* Task instructions *
Transcribe the whole listing exactly; the images stay out.
● ● ●
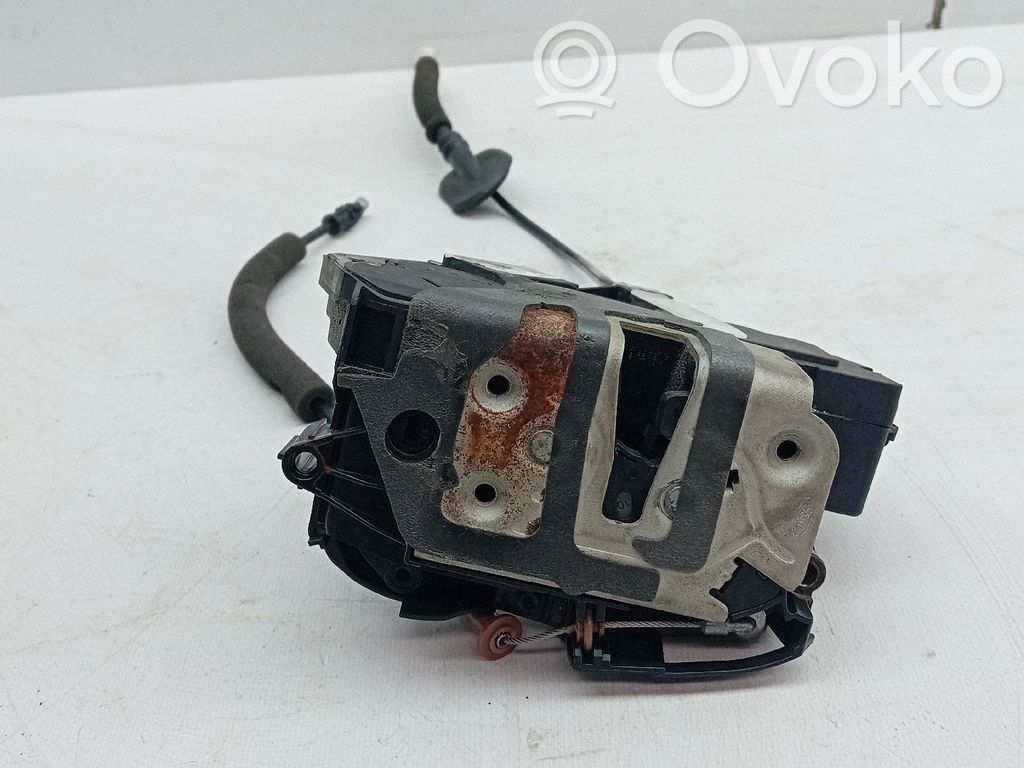 Ford Mondeo MK V Front door lock 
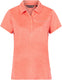 Life line Pamela polo dames rood maat 40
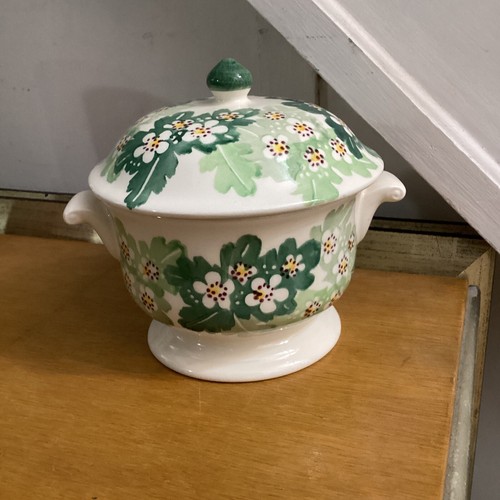 Emma Bridgewater Hawthorne Terrine unbenutzt 1.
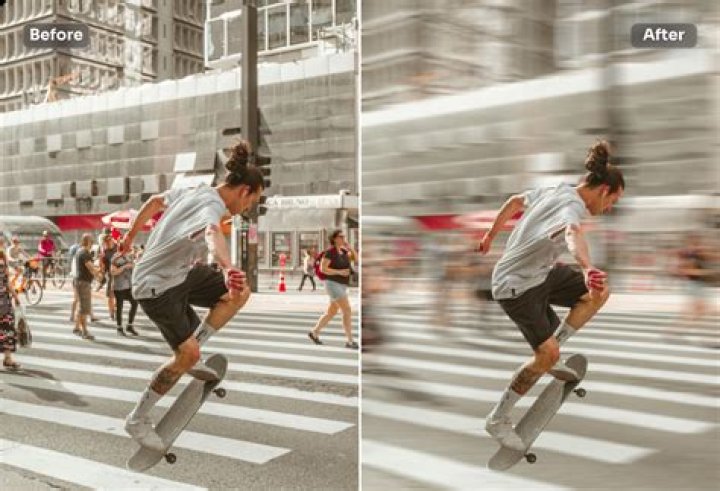 motion blur in Crysis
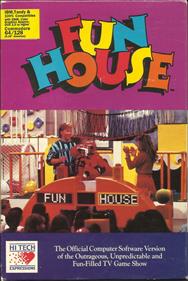 Fun House - Box - Front Image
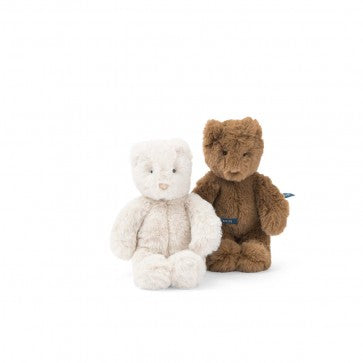 Arthur & Louison - Small Cream Bear  - لعب الاطفال الطرية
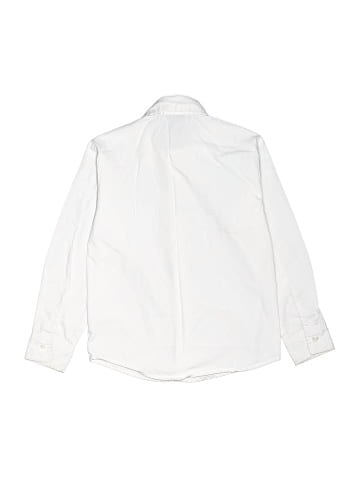 Nautica Long Sleeve Button-Down Shirt (view 2)
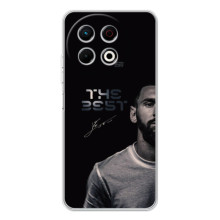 Чехол Месси футболист для TECNO Spark 30 Pro – The best Messi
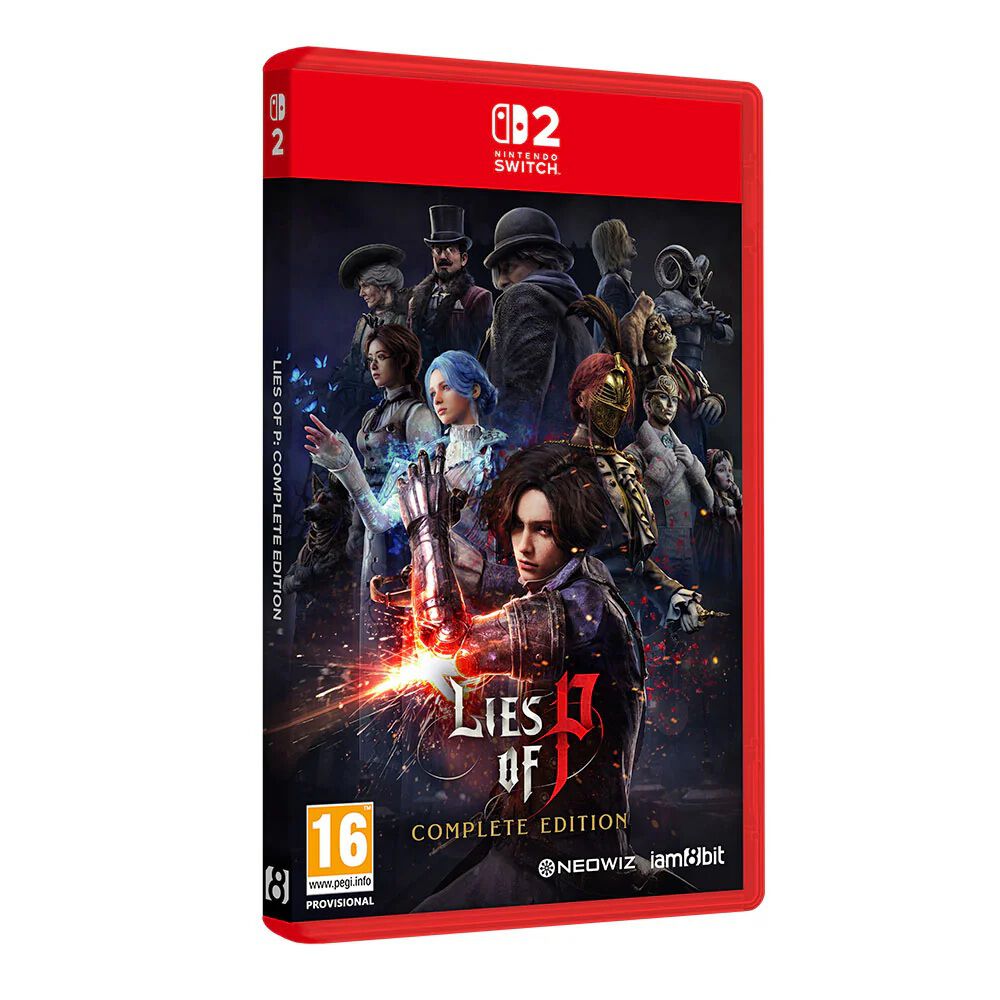 Lies Of P Complete Edition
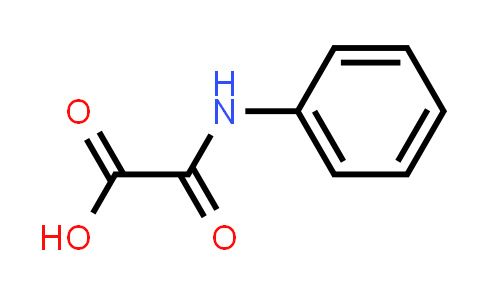 2-oxo-2-(phenylamino)- Acetic acid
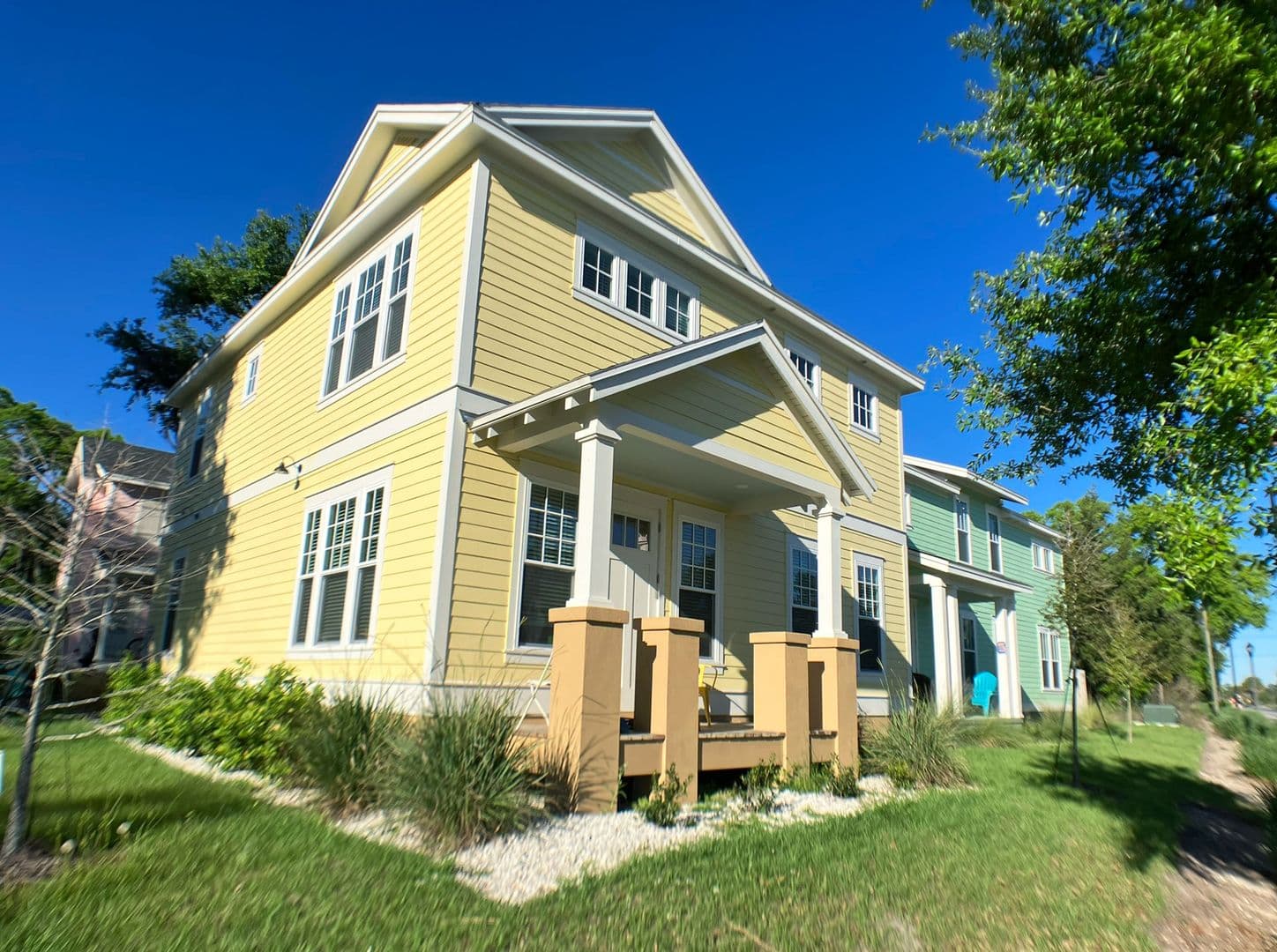 Gainesville House: 873 SW 5th Terrace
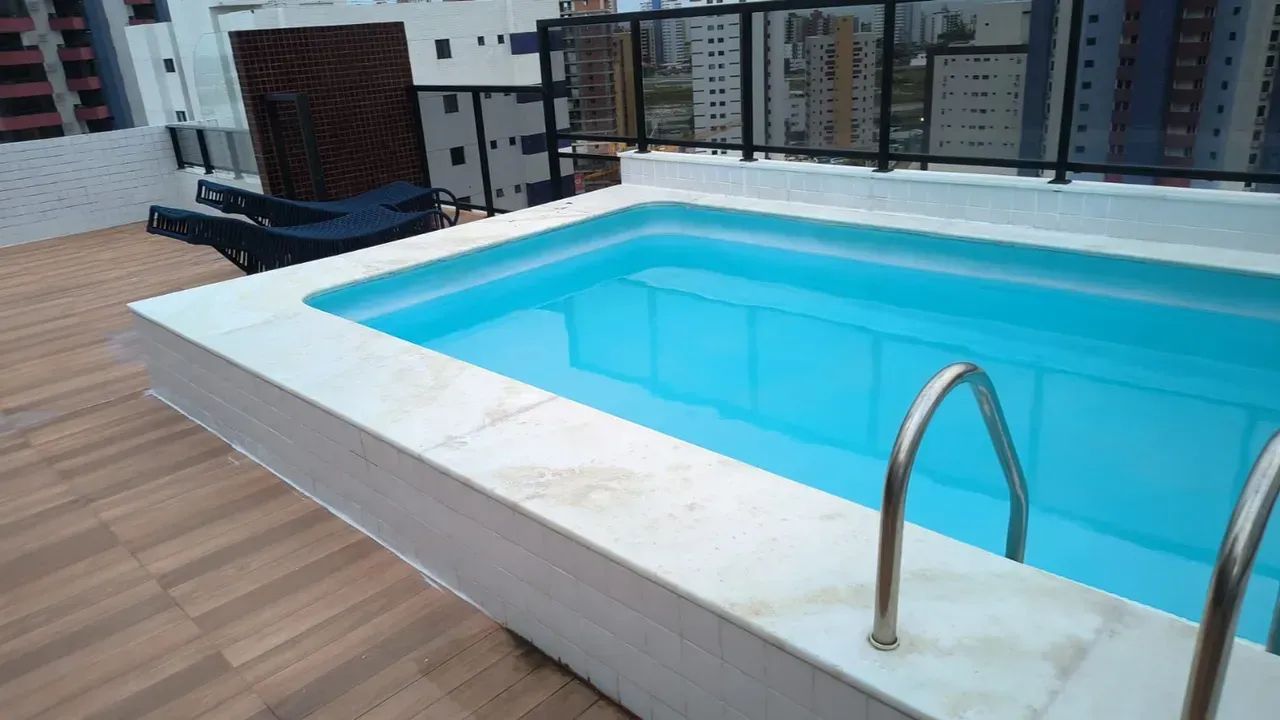 alugo apartamento em Manaíra
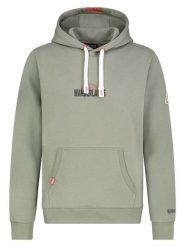 Sublevel Bluza w kolorze zielonym rozmiar: XXL. Zielone bluzy z kapturem męskie Sublevel, xxl. Za 95.69 zł.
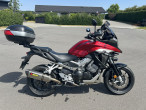 2017 Honda VFR 800 X 2017 Honda VFR 800 X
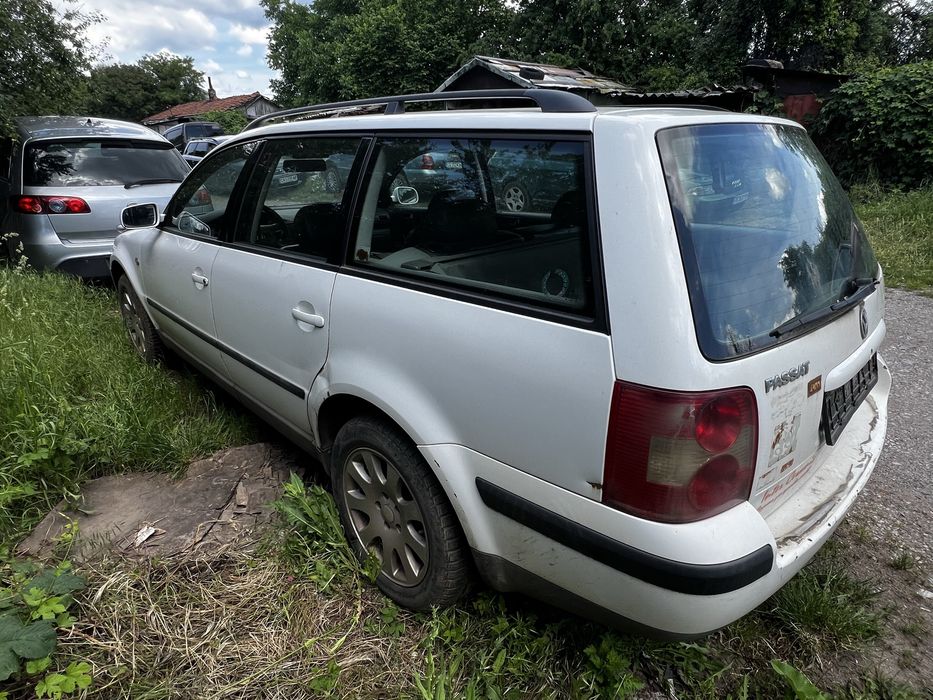 Vw Passat B5.5 на части
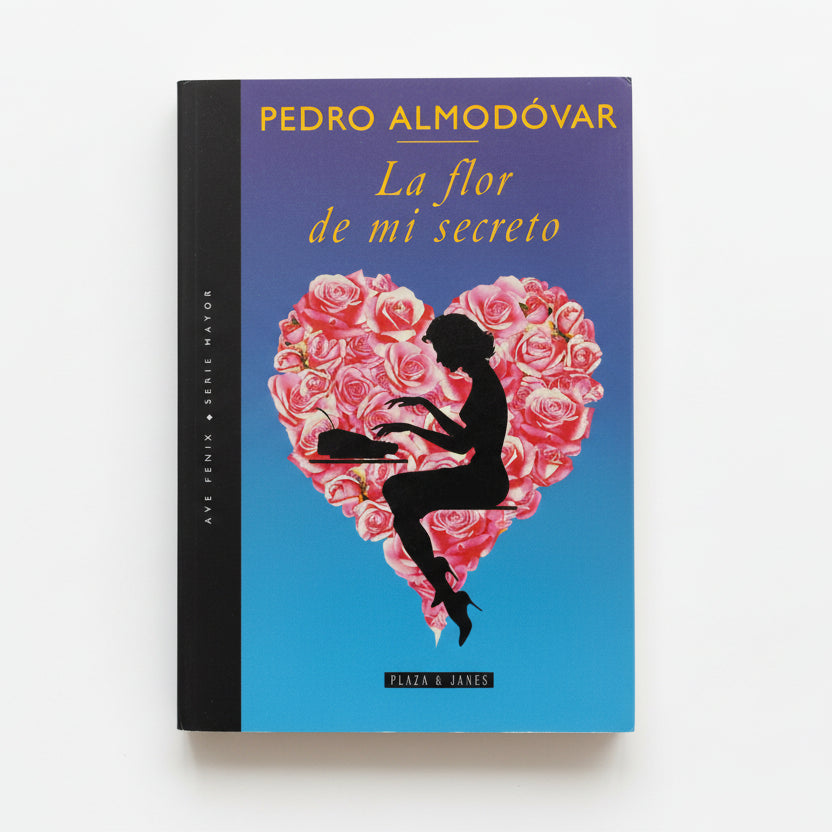 La flor de mi secreto - Pedro Almodóvar
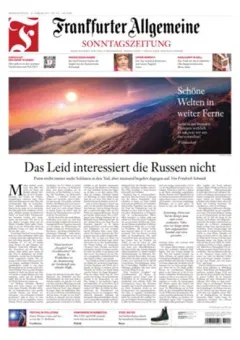 Frankfurter Allgemeine Sonntagszeitung (Alemão)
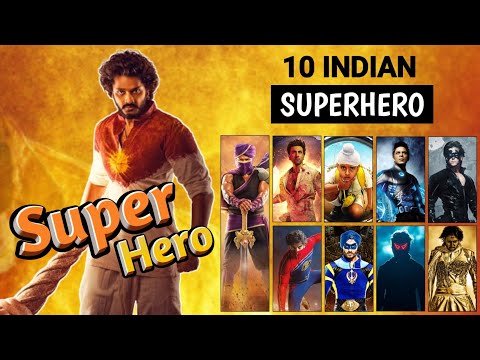 Top 10 Best Indian Super Hero Movies | मिलिए इंडिया के 10 देसी सुपरहीरो से
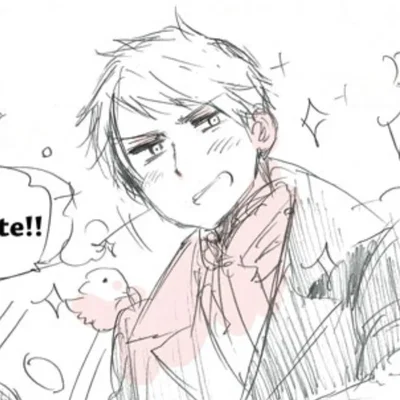 Prussia - Hetalia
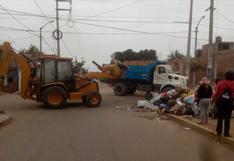 Trujillo: Declararán distrito en emergencia sanitaria por basura en las calles [FOTOS]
● ● ●
* Exercise output *
 Ford Mondeo MK V Front door lock 
 Life line Pamela polo dames rood maat 40
 Emma Bridgewater Hawthorne Terrine unbenutzt 1.
 motion blur in Crysis
 Fun House - Box - Front Image
 Arthur & Louison - Small Cream Bear  - لعب الاطفال الطرية
 Nautica Long Sleeve Button-Down Shirt (view 2)
 Чехол Месси футболист для TECNO Spark 30 Pro – The best Messi
 Lies Of P Complete Edition
 2-oxo-2-(phenylamino)- Acetic acid
 Gainesville House: 873 SW 5th Terrace
 alugo apartamento em Manaíra
 Sublevel Bluza w kolorze zielonym rozmiar: XXL. Zielone bluzy z kapturem męskie Sublevel, xxl. Za 95.69 zł.
 2017 Honda VFR 800 X 2017 Honda VFR 800 X
 Vw Passat B5.5 на части
 La flor de mi secreto - Pedro Almodóvar
 Frankfurter Allgemeine Sonntagszeitung (Alemão)
 Top 10 Best Indian Super Hero Movies | मिलिए इंडिया के 10 देसी सुपरहीरो से
 Prussia - Hetalia
 Trujillo: Declararán distrito en emergencia sanitaria por basura en las calles [FOTOS]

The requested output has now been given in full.